As God interacted with human beings in Scripture, he often referred to his own knowledge in ways that made it possible for his creatures to understand him and react to him. He asked questions (e.g., "Where are you?" [Ge 3:8-9]; "Where is your brother [Ge 4:9[), remembered (Ge 9:16), tested the faith of his people (Ge 22:1; Dt 8:2) and expressed regret over the outcomes of events (Ge 6:6). In these situations God already knew all things, even before they took place. Yet, as God related to human beings
with their weakness and humility, he often stooped low and spoke of himself in human terms. He taught, led and congratulated human beings by referring to his own involvement in history in ways they could understand. Never once, however, was God actually ignorant of even the smallest detail.

Some theologians have denied God's omniscience on the basis that Jesus Christ, who was both God and man, claimed not to know certain things. As a man, Jesus increased in wisdom (Lk 2:52) and even expressed ignorance on one occasion (Mt 24:36; Mk 13:32). But he also possessed supernatural knowledge (Mt 9:4; 12:25; Lk 5:22; 6:8; 11:17; Jn 16:30; 21:17). In his divine nature Jesus is omniscient, but in his human nature he knows only what he has learned (see notes on Mt 24:36 and Mk 13:32 and theological article "Jesus Christ, God and Man").

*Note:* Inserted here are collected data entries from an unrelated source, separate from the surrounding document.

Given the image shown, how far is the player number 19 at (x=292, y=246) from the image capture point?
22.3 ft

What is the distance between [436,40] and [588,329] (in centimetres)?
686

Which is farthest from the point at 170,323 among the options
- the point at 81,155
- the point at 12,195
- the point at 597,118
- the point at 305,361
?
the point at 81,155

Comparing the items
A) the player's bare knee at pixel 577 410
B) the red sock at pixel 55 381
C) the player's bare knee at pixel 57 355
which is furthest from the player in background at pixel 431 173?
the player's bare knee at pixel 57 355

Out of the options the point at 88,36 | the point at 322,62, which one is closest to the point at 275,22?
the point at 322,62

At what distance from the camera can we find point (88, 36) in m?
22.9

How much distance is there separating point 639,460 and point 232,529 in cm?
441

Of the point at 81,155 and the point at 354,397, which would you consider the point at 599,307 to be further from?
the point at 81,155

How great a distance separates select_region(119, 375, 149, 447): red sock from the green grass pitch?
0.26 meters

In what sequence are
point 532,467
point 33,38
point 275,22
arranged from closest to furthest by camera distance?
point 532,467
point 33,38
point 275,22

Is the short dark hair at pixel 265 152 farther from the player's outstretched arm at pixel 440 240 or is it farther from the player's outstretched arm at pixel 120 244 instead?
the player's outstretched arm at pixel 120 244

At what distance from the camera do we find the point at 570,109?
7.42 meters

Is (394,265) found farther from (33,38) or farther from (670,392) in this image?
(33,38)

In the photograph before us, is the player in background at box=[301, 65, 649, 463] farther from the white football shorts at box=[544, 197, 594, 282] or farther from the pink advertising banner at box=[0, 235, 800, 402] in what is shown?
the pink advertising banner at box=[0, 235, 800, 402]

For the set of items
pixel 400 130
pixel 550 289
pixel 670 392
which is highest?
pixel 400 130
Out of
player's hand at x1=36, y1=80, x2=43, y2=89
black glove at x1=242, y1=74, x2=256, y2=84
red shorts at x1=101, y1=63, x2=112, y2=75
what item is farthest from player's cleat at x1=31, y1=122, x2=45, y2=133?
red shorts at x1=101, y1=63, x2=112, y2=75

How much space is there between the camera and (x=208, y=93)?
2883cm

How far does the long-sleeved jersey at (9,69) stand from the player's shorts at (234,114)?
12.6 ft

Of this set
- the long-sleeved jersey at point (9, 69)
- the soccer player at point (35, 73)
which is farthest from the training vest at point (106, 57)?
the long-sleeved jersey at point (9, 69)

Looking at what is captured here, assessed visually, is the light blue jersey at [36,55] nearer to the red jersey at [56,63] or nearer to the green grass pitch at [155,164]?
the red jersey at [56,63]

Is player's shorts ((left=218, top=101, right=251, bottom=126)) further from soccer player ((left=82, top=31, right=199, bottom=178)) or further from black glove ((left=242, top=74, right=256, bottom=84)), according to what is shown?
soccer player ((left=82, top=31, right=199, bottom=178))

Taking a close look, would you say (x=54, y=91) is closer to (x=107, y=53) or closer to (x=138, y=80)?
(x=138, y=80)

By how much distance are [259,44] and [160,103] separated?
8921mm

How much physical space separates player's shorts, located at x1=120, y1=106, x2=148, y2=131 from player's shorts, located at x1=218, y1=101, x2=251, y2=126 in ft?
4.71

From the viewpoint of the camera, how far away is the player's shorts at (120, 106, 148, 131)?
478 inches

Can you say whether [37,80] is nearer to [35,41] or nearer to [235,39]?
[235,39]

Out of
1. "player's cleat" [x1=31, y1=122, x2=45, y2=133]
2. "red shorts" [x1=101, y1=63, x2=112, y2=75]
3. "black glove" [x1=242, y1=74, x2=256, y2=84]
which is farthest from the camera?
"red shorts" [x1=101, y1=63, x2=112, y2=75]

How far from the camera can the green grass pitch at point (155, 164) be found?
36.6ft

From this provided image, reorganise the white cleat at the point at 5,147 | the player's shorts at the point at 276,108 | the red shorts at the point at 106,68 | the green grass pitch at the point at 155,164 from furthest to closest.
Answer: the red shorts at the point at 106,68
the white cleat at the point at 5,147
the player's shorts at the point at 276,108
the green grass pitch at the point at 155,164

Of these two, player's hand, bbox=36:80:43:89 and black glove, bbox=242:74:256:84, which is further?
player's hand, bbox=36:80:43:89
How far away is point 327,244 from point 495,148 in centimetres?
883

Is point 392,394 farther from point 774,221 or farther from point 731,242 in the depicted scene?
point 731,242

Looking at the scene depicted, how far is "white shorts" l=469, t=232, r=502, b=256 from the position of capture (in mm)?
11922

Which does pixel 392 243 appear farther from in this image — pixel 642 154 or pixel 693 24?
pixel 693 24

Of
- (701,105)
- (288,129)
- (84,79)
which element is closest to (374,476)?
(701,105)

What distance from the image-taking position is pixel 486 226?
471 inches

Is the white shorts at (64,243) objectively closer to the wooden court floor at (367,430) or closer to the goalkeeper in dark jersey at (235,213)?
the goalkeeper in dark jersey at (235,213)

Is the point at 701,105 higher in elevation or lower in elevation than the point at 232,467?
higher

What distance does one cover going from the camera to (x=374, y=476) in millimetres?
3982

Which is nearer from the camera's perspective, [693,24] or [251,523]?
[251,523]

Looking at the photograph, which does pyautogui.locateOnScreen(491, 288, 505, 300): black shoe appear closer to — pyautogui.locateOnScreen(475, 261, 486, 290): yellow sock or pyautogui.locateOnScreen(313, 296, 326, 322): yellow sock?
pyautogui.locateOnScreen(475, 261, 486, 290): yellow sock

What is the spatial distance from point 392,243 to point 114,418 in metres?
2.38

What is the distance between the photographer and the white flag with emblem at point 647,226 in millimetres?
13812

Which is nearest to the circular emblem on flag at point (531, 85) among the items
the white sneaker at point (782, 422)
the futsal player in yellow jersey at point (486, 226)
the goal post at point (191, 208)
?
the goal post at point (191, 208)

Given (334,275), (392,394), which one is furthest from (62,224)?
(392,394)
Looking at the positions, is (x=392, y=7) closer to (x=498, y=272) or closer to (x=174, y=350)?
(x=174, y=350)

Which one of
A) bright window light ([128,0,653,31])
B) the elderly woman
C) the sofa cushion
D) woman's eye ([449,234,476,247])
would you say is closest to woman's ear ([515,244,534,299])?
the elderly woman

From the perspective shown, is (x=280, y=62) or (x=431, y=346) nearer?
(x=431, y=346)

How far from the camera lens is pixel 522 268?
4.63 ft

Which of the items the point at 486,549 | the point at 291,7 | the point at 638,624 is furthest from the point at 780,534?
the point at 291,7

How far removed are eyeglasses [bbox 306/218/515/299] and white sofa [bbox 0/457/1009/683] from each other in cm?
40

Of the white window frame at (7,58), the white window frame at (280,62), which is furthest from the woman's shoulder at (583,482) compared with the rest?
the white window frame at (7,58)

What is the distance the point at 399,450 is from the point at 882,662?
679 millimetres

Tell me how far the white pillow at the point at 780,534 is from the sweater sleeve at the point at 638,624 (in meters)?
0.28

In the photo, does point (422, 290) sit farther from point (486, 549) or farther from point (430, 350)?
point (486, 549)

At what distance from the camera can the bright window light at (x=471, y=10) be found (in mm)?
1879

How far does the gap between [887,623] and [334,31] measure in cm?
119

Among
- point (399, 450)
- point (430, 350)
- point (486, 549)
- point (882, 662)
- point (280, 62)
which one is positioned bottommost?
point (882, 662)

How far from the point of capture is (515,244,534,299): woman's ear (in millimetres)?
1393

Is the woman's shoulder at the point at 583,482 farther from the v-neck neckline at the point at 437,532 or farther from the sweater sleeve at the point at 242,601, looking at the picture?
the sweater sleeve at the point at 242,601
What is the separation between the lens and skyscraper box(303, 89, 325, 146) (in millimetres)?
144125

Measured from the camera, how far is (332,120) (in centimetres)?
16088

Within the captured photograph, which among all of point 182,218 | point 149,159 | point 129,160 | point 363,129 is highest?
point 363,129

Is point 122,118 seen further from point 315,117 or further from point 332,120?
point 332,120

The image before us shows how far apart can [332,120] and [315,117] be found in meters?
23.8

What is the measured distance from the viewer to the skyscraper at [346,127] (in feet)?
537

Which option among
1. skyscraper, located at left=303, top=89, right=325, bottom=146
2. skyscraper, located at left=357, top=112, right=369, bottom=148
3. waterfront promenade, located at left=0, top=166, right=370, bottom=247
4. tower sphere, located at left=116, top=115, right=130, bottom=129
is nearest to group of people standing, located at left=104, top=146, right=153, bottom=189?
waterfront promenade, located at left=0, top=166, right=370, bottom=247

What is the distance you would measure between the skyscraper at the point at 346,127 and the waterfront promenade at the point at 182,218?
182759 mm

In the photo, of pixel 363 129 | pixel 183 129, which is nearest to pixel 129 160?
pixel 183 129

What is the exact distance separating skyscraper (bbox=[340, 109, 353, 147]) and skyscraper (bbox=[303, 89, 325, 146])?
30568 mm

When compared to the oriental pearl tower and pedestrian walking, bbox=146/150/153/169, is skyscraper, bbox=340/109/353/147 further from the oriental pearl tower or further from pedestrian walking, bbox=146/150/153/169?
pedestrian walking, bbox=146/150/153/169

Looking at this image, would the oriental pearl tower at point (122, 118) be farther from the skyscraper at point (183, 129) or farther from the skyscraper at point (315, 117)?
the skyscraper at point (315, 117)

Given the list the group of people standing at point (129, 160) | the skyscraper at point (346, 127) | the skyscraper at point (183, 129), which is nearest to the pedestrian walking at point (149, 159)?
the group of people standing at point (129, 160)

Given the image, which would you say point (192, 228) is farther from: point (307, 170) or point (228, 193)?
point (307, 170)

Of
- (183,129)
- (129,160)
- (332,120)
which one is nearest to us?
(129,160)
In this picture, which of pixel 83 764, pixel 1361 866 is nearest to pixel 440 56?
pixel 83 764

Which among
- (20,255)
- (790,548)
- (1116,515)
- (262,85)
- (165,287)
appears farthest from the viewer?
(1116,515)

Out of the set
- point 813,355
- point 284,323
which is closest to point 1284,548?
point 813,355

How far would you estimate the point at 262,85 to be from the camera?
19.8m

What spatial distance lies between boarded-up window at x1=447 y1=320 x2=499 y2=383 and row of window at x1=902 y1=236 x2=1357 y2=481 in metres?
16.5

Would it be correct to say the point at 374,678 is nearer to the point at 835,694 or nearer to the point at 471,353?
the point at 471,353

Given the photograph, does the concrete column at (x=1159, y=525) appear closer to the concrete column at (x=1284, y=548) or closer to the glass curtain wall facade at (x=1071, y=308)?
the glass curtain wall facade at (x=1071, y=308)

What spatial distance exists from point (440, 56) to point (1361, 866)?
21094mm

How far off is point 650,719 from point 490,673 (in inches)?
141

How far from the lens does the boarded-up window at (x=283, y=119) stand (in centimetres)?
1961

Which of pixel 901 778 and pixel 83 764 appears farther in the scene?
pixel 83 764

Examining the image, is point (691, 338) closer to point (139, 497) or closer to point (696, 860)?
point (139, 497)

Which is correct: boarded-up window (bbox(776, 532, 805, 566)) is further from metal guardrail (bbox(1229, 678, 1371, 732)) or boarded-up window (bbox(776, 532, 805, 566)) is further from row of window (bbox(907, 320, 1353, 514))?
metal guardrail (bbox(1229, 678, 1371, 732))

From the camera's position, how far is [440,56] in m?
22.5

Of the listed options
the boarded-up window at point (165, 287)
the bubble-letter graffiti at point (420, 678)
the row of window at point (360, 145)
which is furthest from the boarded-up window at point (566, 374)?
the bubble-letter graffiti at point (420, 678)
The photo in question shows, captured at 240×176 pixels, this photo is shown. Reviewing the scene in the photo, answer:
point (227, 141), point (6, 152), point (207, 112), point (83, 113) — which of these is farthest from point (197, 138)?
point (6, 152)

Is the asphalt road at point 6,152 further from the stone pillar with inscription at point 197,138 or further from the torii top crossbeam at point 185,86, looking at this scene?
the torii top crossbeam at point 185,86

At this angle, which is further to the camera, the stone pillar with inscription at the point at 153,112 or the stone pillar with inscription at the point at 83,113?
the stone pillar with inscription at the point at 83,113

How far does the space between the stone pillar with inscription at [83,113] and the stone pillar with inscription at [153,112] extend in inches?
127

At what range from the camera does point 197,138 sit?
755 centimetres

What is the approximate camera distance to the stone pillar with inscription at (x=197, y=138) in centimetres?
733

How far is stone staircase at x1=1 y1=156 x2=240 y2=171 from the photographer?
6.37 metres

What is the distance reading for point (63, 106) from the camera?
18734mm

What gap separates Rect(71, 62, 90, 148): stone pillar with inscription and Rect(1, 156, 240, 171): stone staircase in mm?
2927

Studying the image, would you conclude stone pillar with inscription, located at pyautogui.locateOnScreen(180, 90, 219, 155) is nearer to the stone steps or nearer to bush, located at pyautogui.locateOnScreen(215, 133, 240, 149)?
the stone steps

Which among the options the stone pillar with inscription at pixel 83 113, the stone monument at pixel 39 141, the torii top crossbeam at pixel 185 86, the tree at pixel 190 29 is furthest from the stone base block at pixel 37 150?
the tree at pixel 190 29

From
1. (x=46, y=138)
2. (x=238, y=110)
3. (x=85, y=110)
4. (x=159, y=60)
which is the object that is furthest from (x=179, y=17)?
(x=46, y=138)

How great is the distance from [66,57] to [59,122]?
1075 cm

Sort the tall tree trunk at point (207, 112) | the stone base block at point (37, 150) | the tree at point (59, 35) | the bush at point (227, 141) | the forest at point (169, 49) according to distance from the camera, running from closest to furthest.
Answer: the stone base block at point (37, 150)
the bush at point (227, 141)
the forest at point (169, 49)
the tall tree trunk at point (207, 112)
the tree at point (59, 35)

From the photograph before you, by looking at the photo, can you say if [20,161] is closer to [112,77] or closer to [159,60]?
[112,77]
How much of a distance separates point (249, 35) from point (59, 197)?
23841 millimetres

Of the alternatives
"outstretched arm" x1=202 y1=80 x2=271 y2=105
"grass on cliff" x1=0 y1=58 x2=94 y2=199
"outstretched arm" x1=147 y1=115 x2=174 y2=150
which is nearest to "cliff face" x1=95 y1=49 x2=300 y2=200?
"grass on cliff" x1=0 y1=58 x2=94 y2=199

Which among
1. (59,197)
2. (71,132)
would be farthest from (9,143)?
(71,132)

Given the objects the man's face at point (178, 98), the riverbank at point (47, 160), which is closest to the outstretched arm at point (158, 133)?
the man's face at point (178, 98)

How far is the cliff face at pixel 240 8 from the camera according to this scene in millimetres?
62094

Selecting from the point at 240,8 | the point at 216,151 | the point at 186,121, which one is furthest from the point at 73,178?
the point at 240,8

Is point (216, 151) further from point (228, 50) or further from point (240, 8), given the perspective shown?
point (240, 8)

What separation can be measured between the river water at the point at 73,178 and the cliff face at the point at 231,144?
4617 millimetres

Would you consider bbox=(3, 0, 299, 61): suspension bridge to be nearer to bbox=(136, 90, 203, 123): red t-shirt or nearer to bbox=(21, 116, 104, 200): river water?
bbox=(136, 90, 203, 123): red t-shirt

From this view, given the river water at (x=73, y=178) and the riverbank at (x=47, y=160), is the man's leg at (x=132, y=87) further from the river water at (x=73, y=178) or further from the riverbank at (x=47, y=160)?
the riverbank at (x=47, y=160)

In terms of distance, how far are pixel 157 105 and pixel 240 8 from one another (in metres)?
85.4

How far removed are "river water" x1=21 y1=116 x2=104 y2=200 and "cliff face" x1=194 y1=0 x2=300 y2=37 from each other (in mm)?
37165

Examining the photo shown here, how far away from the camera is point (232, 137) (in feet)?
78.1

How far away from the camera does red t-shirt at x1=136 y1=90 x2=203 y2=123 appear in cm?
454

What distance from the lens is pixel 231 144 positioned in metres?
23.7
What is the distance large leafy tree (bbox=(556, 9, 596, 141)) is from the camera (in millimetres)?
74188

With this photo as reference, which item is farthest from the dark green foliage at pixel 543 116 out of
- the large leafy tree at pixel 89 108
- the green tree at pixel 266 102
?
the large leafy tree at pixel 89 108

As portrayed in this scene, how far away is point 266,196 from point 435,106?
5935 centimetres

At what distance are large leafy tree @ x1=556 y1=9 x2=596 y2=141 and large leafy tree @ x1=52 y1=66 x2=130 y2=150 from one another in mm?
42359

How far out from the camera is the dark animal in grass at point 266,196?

God's knowledge is linked with his sovereignty. He knows each fact, thought and possibility, each individual, animal, plant and inanimate object, both in itself and in relation to all others, because he created them, sustains them and makes them function every moment according to his plan (Eph 1:11; see theological article "Providence" at Jer 18). For believers God's omniscience brings the assurance that God will not forget us but will work out good results for us according to his promises (Isa 40:27-31, Ro 8:28). To unbelievers, however, the truth of God's universal knowledge must bring dread, for it comes as a reminder that they cannot hide from his impending judgment (Pss 94:1-11; 139:7-12; Jn 1:1-12).